[Given entries — start]

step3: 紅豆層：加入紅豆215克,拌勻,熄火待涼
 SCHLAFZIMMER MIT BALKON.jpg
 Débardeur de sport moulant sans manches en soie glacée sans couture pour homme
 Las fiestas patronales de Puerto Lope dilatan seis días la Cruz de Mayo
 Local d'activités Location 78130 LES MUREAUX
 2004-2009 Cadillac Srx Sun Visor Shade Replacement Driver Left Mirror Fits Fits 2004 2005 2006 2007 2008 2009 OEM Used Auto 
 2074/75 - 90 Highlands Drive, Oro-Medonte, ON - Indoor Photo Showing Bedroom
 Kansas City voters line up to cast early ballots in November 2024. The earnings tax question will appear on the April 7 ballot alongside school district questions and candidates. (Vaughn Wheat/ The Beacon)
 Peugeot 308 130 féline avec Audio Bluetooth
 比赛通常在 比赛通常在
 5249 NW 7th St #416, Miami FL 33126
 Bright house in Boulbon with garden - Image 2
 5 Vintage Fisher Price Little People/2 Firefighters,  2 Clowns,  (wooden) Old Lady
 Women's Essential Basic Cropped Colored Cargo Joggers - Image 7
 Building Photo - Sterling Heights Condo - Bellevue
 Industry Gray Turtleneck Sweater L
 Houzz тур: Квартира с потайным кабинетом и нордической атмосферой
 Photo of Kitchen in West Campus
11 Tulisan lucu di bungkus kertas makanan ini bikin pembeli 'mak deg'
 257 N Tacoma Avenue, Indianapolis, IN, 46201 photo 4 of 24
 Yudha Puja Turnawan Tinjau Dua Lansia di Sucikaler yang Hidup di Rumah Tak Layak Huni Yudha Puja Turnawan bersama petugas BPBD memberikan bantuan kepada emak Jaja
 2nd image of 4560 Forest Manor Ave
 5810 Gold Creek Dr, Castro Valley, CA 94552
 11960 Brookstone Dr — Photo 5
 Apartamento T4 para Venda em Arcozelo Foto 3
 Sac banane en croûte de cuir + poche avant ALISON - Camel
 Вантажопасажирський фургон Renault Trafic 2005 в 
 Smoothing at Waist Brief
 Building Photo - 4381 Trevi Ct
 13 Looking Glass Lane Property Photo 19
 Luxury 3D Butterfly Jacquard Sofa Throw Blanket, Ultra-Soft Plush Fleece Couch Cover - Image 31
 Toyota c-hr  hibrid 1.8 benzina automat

[Given entries — finish]

Task to carry out: Read through the entries and copy every line that includes "Building".

Exercise result:
 Building Photo - Sterling Heights Condo - Bellevue
 Building Photo - 4381 Trevi Ct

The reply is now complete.